If you’re not already familiar with the story, I’d recommend you read it before you continue with what I wrote.
Here’s what grabs me: Balaam is an outsider, yet he really is a prophet of the Lord. Not a false prophet. Not a diviner, using spiritually shady tactics. A prophet of the Lord.
God’s chosen people are the Israelites. He has given no promises or covenants or guarantees to the people who have not descended from Abraham, other than a vow not to flood the earth again. He doesn’t have any obligation to speak with somebody like Balaam, yet he does anyways.
Several times in this narrative, the scriptures clearly say that God comes to Balaam and talks to him. (22:9-12, 22:20, 22:32-35, 23:4, 23:16, 24:2)
And what’s more, Balaam is obedient to God. Until God gives him permission to go with the messengers, he won’t do it. He repeatedly says that he will only say the things that God puts in his mouth, and backs it up by doing exactly that.
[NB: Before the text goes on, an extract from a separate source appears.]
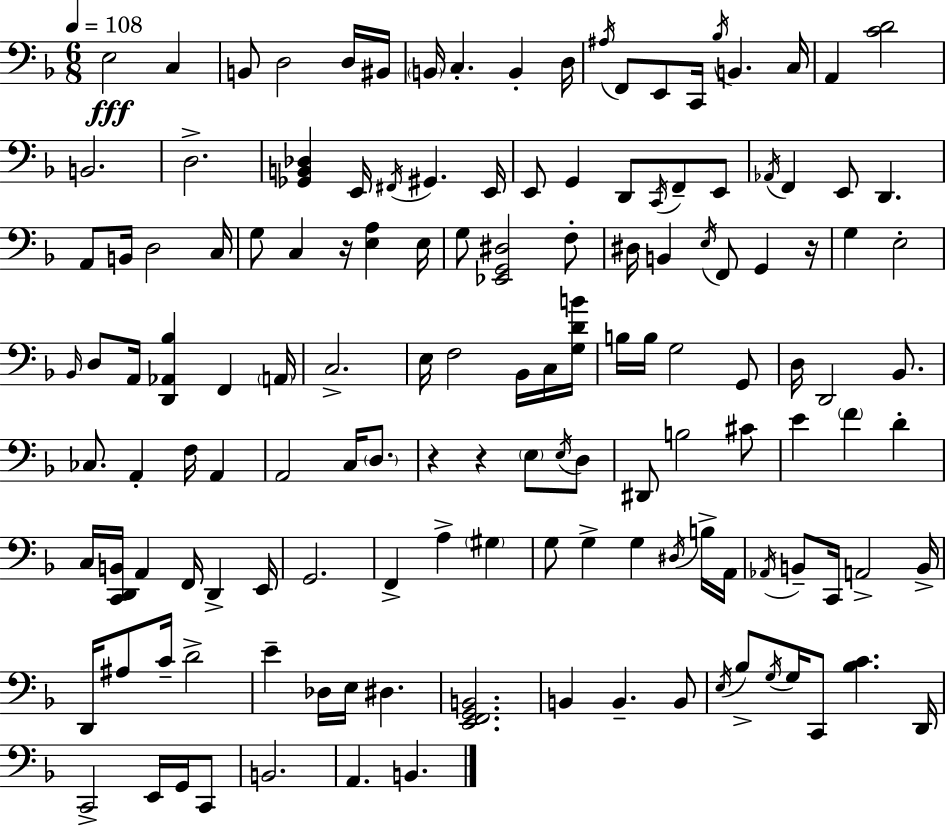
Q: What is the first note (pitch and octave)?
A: E3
Now, in the end, Balaam ends up working to bring destruction upon Israel. He tells the king of Moab to entice Israel to sin through idolatry and sexual immorality. It leads to a plague in Israel and the death of Balaam himself as repayment.
But in this story, we see that God is working outside of his chosen people. A guy with no connections to Israel at all is using his God given gifts to make a living, blessing and cursing people – and he’s successful, according to the king of Moab (v. 6)
I wonder – where and how is the Holy Spirit moving in the world today outside of Christianity? Are there people who speak God’s truth without perhaps being fully aware of it?
Do some musicians and artists and poets and movie-makers create artistic expressions with the inspiration of the Holy Spirit despite only a desire to make a living?
Does God spread his truth and his life into places that we would least expect?
As Balaam himself comes to ruin through his self serving ways, perhaps God’s blessing does not guarantee that someone will lead a life that directly contributes to his kingdom, regardless of their gifts or calling.
The more we try to put boundaries around God, the more he seems to ignore them. The more we try to simplify him to a reliable formula, the more variables we find in him.
I wonder if we can find the places that God is moving in our schools, neighborhoods or workplaces and become a part of his work, rather than viewing ourselves as the only possible conduit for God’s ministry. Joining with a charity or outreach that isn’t “Christian”. Getting involved with an artistic collaborative (a band, or a play troupe, etc). Joining a discussion group centered on literature. These are just some possible ways we can place ourselves in areas that God may already be speaking – shockingly – without any outside help.
Perhaps that is what Jesus is talking about when he speaks of fields ripe for harvest. That God causes growth to occur, and we are simply called to point that out.